1

Okay, so I'm in a situation where I'd really like to be using either a co-process via coproc or via redirection such as <(some command), but unfortunately I'm limited to bash 3.2 in one of the my target environments, which means I'm limited in what I can do.

The reason I need a co-process is that I need to read line-by-line from one file, while looping over another.

Currently I'm using exec <6 /foo/bar to create keep a file open for reading so that I can do read line <&6 whenever I need more input. This works fine, but it only works on plain-text files, however really I'd like to keep my file(s) compressed, rather than decompressing them before running my script.

I also need to be able to do the same for writing to a new, compressed file without having to waste space writing in plain-text then compressing afterwards.

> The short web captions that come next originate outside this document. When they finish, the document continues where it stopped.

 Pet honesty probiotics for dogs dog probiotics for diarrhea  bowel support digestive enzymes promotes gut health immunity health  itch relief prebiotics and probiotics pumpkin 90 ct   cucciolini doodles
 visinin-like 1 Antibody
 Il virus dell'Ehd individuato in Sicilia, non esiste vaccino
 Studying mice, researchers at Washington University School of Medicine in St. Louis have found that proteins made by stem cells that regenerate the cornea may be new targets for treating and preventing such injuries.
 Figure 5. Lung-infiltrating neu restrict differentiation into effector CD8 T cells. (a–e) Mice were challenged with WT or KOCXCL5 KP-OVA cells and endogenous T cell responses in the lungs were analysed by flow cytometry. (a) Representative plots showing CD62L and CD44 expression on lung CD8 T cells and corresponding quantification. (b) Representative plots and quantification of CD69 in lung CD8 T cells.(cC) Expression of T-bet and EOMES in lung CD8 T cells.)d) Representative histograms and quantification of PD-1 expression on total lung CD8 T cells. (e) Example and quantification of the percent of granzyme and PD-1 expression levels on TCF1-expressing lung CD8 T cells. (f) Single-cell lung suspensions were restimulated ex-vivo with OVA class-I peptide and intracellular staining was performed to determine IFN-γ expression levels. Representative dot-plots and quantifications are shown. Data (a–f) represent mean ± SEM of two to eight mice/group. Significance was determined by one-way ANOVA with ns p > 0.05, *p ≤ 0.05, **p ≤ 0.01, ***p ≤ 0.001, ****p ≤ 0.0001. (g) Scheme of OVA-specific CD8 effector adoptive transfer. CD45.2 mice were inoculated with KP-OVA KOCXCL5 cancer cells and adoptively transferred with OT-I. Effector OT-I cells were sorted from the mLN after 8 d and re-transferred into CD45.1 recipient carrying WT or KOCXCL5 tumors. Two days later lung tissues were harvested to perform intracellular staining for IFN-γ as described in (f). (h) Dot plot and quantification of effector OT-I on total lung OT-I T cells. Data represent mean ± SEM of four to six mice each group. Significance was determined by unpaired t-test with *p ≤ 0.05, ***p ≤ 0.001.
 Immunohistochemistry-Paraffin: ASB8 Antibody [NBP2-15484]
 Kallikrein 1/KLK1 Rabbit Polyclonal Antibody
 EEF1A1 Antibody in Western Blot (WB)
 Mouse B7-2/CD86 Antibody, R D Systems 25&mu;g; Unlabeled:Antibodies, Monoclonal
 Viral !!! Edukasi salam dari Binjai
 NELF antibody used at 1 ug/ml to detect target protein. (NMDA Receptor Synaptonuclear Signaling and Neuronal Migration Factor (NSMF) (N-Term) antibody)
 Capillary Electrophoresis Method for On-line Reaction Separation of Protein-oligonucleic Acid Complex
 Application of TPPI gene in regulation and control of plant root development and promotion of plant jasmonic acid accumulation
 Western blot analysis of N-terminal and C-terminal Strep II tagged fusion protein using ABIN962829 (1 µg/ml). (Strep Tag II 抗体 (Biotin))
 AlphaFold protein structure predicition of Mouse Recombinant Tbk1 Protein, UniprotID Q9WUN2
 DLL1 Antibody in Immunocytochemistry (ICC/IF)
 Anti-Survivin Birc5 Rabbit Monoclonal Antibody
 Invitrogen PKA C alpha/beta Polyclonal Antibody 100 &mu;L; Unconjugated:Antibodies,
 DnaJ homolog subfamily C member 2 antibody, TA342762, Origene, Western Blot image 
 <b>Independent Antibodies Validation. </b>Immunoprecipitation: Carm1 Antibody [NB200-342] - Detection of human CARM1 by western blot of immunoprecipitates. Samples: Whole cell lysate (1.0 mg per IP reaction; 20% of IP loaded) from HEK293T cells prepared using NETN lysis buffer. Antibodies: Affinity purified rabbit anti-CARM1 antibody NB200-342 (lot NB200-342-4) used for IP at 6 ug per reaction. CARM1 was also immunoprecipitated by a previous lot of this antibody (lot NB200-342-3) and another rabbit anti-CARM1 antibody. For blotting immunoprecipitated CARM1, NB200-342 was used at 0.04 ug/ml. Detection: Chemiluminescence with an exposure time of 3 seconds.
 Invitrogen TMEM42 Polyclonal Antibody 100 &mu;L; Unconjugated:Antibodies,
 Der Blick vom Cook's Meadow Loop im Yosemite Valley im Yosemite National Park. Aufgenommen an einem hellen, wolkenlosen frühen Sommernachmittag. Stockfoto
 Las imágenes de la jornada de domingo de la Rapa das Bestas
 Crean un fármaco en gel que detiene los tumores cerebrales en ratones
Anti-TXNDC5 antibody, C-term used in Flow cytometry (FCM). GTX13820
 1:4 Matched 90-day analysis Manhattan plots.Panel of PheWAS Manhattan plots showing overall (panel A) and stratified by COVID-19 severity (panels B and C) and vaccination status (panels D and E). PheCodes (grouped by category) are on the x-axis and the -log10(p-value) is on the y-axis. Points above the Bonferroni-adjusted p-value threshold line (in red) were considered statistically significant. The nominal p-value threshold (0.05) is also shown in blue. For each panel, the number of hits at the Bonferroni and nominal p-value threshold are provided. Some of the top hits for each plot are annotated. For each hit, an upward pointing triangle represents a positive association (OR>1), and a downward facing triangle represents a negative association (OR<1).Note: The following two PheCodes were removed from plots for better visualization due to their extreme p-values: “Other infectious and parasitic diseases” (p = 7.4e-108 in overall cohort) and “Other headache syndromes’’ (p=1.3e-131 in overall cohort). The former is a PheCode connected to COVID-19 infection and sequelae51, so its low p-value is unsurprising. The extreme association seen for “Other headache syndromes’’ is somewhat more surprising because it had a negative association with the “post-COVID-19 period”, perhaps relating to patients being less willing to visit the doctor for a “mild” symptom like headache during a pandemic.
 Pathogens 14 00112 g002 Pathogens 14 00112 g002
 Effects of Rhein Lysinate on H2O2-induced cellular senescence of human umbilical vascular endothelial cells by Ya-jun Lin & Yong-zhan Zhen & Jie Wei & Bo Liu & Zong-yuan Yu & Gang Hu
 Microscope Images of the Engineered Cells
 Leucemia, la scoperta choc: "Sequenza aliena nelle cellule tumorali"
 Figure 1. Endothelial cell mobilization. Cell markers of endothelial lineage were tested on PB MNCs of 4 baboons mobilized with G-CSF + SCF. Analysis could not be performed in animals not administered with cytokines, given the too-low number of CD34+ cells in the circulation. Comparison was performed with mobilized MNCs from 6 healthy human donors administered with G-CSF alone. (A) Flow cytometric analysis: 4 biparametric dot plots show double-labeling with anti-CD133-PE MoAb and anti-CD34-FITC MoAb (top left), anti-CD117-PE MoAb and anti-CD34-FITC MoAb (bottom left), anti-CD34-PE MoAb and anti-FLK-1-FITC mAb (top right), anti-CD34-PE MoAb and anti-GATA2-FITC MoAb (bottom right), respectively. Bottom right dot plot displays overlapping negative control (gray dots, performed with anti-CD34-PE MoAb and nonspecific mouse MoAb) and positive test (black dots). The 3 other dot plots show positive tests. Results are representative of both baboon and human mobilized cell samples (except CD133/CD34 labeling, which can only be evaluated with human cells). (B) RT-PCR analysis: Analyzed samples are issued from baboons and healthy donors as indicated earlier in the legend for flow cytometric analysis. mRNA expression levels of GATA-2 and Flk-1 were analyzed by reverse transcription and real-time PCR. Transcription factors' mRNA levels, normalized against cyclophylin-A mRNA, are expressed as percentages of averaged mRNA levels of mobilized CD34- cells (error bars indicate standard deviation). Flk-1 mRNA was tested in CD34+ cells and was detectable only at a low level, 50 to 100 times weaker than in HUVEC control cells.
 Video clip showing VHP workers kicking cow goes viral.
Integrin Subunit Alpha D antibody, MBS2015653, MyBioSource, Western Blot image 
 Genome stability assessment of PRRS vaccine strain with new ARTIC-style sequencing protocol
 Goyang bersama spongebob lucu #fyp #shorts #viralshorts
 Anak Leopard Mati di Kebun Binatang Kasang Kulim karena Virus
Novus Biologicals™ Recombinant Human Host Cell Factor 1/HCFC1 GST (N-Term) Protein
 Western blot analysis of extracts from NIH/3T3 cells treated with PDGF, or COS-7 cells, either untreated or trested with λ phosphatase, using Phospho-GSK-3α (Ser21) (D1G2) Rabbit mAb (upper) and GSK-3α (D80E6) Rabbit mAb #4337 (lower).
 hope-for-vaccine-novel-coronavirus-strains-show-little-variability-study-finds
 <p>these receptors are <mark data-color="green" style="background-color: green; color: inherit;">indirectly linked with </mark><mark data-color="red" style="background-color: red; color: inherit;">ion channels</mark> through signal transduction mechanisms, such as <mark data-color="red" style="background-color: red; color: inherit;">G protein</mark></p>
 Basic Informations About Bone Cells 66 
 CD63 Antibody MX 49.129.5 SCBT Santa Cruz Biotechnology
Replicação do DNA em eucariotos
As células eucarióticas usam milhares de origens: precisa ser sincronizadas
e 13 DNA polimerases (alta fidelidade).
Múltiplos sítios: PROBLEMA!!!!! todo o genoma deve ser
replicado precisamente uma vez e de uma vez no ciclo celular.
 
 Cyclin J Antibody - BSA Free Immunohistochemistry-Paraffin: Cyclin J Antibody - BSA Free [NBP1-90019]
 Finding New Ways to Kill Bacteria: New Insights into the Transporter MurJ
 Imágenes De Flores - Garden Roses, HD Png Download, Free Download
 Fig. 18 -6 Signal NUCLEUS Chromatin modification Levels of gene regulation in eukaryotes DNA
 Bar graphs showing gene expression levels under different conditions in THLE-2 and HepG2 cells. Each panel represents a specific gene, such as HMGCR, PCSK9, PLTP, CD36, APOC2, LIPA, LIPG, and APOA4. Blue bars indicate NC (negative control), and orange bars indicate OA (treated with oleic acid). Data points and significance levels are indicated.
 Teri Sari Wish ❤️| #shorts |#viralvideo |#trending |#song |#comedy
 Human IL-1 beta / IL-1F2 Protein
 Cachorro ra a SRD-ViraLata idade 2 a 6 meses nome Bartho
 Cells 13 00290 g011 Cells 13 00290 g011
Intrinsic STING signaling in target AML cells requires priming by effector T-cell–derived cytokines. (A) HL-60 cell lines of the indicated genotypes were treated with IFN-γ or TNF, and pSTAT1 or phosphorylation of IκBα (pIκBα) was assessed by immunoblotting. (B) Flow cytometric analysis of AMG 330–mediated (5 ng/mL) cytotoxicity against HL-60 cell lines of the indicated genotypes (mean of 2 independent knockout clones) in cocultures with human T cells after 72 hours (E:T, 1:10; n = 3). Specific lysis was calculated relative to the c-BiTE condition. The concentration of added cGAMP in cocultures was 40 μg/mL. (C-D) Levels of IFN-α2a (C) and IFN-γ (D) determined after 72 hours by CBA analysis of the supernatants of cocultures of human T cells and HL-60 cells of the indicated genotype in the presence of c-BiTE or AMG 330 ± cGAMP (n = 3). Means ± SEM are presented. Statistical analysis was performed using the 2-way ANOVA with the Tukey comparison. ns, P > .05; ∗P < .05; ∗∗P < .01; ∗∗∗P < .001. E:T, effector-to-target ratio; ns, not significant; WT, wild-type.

So… are there any alternatives available in bash 3? As I've noted, I'm already in a loop over another file, so I don't have the option of just piping my output into gzip (or piping zcat into my loop) as I need to do this independently of my loop.

To try to give an example, here's a stripped down version of what I'm doing now:

# Decompress compressed match-file
gzip -dc /foo/compressed.gz > /tmp/match

# Setup file handles (to keep files open for reading/writing)
exec 5< /tmp/match
exec 6> /tmp/matches

# Loop over input file (/foo/bar) for matches
read next_match <&5
while read line; do
    if [ "$line" = "$next_match" ]; then
        read next_match <&5
        echo "$line" >&6
    fi

    echo "$line"
done < /foo/bar

# Close file handles
exec <5&-
exec 6>&-
rm /tmp/match

# Compress matches and overwrite old match file
gzip -cf9 /tmp/matches /foo/compressed.gz
rm /tmp/matches

Forgive any typos, and the general uselessness of the actual script, I just wanted to keep it fairly simple. As you can see, while it works fine, it's not exactly optimal thanks to the wasteful plain-text files.

Haravikk
  • 3,109
  • 1
  • 33
  • 46
  • Can you try to switch your while loop to another fd and show what happens (read normally from stdin when doing other reads and just redirect to a file without specifying some new fd) `while read liine <&3` or whatever fd you will like and do `done 3< /foo/bar` at the end – Reinstate Monica Please Jan 26 '14 at 19:06
  • While process substitution isn't POSIX-compatible, it is available in `bash` 3.2. – chepner Jan 26 '14 at 20:57

2 Answers2

3

You might want to use mknod to create pipes and let gzip write/read in background processes. The following seems to work for me:

#!/bin/bash

# create test files (one character per line)
echo abcdefgh | grep -o . | gzip > /tmp/foo.gz
echo aafbchddjjklsefksi | grep -o . > /tmp/bar

# create pipes for zipping an unzipping
PIPE_GUNZIP=/tmp/$$.gunzip
PIPE_GZIP=/tmp/$$.gzip
mkfifo "$PIPE_GUNZIP"
mkfifo "$PIPE_GZIP"

# use pipes as endpoints for gzip / gunzip
gzip -dc /tmp/foo.gz > "$PIPE_GUNZIP" &
GUNZIP_PID=$!
gzip -c9 > /tmp/foo.gz.INCOMPLETE < "$PIPE_GZIP" &
GZIP_PID=$!

exec 5< "$PIPE_GUNZIP"
exec 6> "$PIPE_GZIP"

read next_match <&5
while read line; do
    if [ "$line" = "$next_match" ]; then
        read next_match <&5
        echo "$line" >&6
    fi

    echo "$line"
done < /tmp/bar

# Close file handles
exec 5<&-
exec 6>&-

# wait for gzip to terminate, replace input with output, clean up
wait $GZIP_PID
mv /tmp/foo.gz.INCOMPLETE /tmp/foo.gz
rm "$PIPE_GZIP"

# wait for gunzip to terminate, clean up
wait $GUNZIP_PID
rm "$PIPE_GUNZIP"

# check result
ls -l /tmp/{foo,bar}*
gzip -dc /tmp/foo.gz
halfbit
  • 3,414
  • 1
  • 20
  • 26
  • `mkfifo` provides a simpler interface to creating a named pipe than using `mknod` directly. – chepner Jan 26 '14 at 20:55
  • @chepner: I agree, thanks. Replaced `mknod XXX p` with `mkfifo XXX`. – halfbit Jan 26 '14 at 21:04
  • Also, +1, since this is how to work around the lack of process substitution in the current POSIX standard. – chepner Jan 26 '14 at 21:06
  • Just wanted to say thanks for this answer, but also to note that in my specific case `mknod` is actually the more useful as it seems to be available on all environments I work with, while `mkfifo` is not, though I agree it's the easier option to use. – Haravikk Feb 07 '14 at 15:39
1

Since process substitution is available in bash 3.2, you can simply use it.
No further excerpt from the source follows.